Ayant eu vent des machinations de sa sœur, Perlucem ne se laisserait pas faire et modela les premiers êtres changeant, haïssant foncièrement les créatures de la nuit. Ceux qu'il avait créés, à l'instar de leurs homologues de ténèbres, ne devaient pouvoir se discerner du commun des peuplades du monde. Pouvant ainsi agir sans que sa sœur ne s'en doute. Ils pourraient se transformer et devenir plus fort qu'ils ne l'étaient, luttant de ce fait à armes égales avec les monstres de la nuit, pouvant, eux aussi, répandre sa création à leurs semblables.

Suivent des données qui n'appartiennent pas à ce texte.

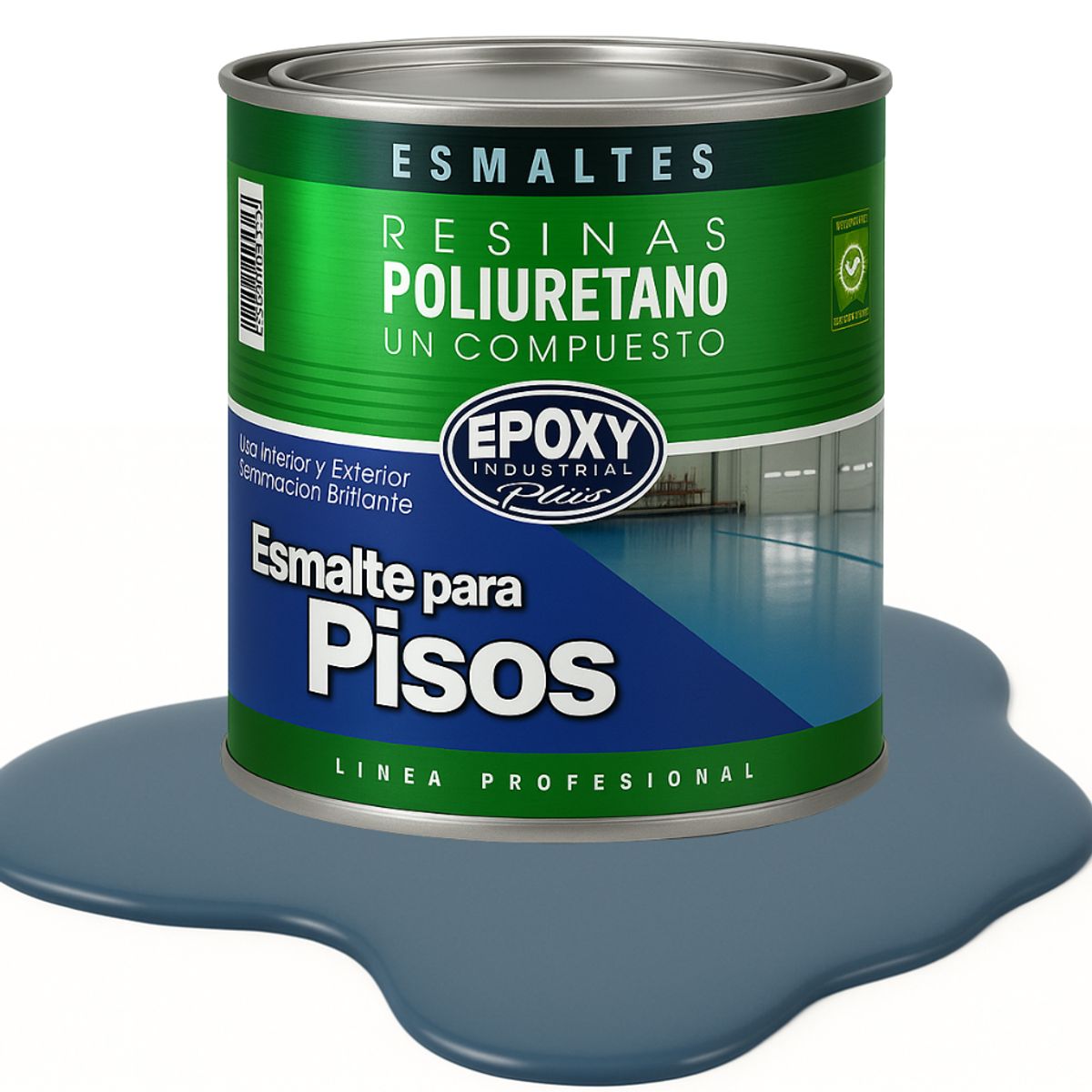 EPOXY - PINTURA ALTO TRAFICO PU 1K - ESMALTE CANCHAS - 1L AZUL GRISÁCEO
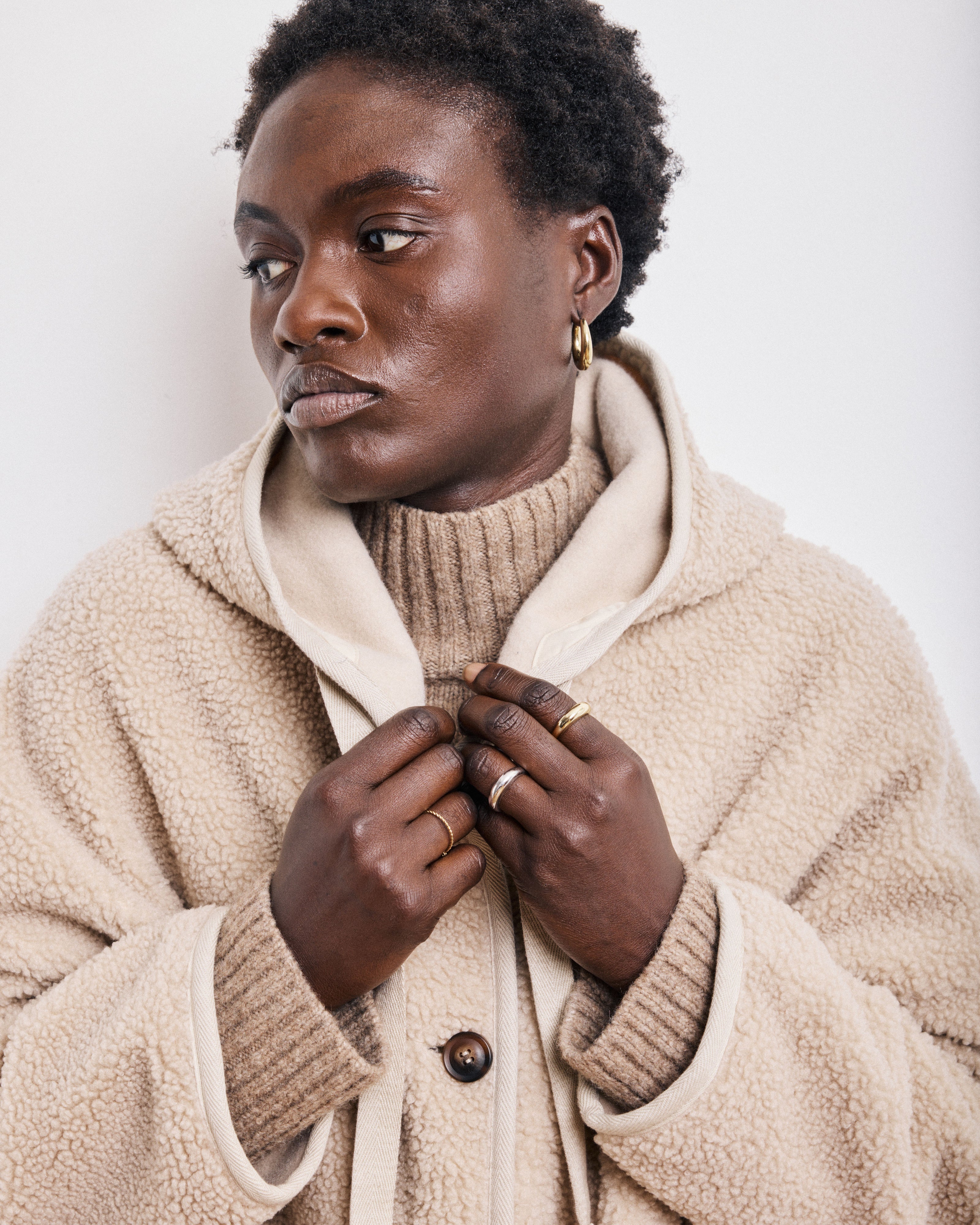 Cappotto da donna in Sherpa sabbia Visalia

Alors que les dieux des hommes ne lui rendaient pas la vie facile, empêchant ses machinations d'aboutir et ses enfants de tout détruire, Vastum eu une idée. Il se changea en la forme la plus effrayante qu'il put trouver, prenant l'apparence d'un serpent géant, il entreprit de raser des villes entières alors que ses enfants occupaient les dieux protecteurs en répandant mort et maladie sur le reste des hommes. Il parvint à réduire à néant la totalité de grande cité, et même à rendre tout une partie du monde pourrie et inhospitalière.
Il continua son chemin jusqu'à tomber sur une silhouette qui s'interposa face à sa puissance, Juolïa, grande prêtresse de Maneas et fervente protectrice des faibles et des opprimés. S'entourant autour de la fervente, Vastum plongea son regard dans le sien et lut en elle comme dans un livre ouvert et corrompit la belle sainte jusqu'au plus profond de ses entrailles. S'ils voulaient l'empêcher de corrompre les hommes alors il mettrait au monde sa propre progéniture.
Quand finalement, la prêtresse rendit l'âme en mettant au monde les œufs de la discorde, il en sortie des êtres, hybrides de reptiles et d'hommes, aux pupilles fendues et à la peau d'écaille, qui ne seraient pour leur lointain cousin, que menace et mort.


...


Certains hommes avouaient avoir été témoins d'une apparition de certaines divinités et que c'est ainsi que de multiples temps furent bâtie, allant même jusqu'à affirmer que le feu et la glace eux mêmes auraient prit forme humaine pour pouvoir les guider sans que leur essence originel ne les détruisent.